▶ Work order
Copy, from the entries below, each line where the word "Great" can be found.

▶ Input data
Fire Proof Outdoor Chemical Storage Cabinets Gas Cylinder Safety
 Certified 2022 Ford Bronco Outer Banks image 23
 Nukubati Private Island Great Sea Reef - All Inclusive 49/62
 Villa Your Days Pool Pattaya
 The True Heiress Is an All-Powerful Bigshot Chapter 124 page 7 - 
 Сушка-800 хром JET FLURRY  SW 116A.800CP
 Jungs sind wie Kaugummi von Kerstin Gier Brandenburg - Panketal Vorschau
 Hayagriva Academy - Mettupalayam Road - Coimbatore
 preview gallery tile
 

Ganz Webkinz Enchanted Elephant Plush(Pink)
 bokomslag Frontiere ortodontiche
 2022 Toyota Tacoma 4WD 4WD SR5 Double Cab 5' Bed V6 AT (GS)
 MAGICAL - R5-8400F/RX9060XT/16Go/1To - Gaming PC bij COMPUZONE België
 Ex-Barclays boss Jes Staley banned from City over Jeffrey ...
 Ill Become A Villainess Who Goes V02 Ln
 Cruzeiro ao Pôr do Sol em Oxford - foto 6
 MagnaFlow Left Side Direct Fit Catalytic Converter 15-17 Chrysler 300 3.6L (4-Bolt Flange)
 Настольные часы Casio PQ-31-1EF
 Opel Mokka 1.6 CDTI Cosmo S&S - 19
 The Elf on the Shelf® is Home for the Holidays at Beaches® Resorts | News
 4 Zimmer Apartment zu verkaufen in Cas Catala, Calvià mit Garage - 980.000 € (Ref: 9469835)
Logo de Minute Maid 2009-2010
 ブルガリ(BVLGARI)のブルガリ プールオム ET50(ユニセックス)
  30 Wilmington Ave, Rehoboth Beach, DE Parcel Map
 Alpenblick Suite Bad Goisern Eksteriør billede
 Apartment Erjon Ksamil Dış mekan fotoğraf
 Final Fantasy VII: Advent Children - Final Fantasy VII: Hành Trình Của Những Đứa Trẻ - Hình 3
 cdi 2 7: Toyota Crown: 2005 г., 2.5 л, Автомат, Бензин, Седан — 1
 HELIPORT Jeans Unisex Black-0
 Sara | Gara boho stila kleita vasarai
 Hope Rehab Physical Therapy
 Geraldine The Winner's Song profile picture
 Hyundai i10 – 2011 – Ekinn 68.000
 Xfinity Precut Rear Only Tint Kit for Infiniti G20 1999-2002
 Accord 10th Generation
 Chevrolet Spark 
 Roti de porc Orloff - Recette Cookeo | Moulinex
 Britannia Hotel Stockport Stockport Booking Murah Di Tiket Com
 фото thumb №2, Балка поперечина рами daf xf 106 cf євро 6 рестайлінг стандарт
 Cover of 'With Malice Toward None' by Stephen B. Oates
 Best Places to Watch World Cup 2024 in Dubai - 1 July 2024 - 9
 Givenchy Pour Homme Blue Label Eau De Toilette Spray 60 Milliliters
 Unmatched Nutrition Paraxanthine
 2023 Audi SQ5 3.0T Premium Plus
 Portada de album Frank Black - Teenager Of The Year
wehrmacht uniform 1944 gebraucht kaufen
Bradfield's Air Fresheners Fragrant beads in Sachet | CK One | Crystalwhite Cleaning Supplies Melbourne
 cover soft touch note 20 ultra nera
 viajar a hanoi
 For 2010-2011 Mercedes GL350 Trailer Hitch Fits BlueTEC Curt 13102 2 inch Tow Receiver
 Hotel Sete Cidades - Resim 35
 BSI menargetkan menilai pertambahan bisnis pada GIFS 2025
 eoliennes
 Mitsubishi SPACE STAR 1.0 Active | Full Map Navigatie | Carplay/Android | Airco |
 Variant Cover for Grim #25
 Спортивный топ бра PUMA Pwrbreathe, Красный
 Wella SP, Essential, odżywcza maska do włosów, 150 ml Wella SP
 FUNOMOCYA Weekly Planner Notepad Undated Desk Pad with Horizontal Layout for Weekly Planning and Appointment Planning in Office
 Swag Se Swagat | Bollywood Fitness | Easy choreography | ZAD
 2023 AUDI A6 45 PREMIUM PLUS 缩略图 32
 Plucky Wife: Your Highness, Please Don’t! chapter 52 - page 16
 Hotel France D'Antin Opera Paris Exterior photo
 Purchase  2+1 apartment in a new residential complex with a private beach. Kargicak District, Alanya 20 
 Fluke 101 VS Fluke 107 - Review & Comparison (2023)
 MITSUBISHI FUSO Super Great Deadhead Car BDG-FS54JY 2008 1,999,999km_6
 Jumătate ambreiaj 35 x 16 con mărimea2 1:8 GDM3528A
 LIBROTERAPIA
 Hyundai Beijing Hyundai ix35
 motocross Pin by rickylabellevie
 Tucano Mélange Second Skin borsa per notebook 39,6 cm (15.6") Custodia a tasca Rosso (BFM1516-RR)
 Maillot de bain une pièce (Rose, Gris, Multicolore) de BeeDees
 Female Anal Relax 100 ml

▶ Answer box
 Nukubati Private Island Great Sea Reef - All Inclusive 49/62
 MITSUBISHI FUSO Super Great Deadhead Car BDG-FS54JY 2008 1,999,999km_6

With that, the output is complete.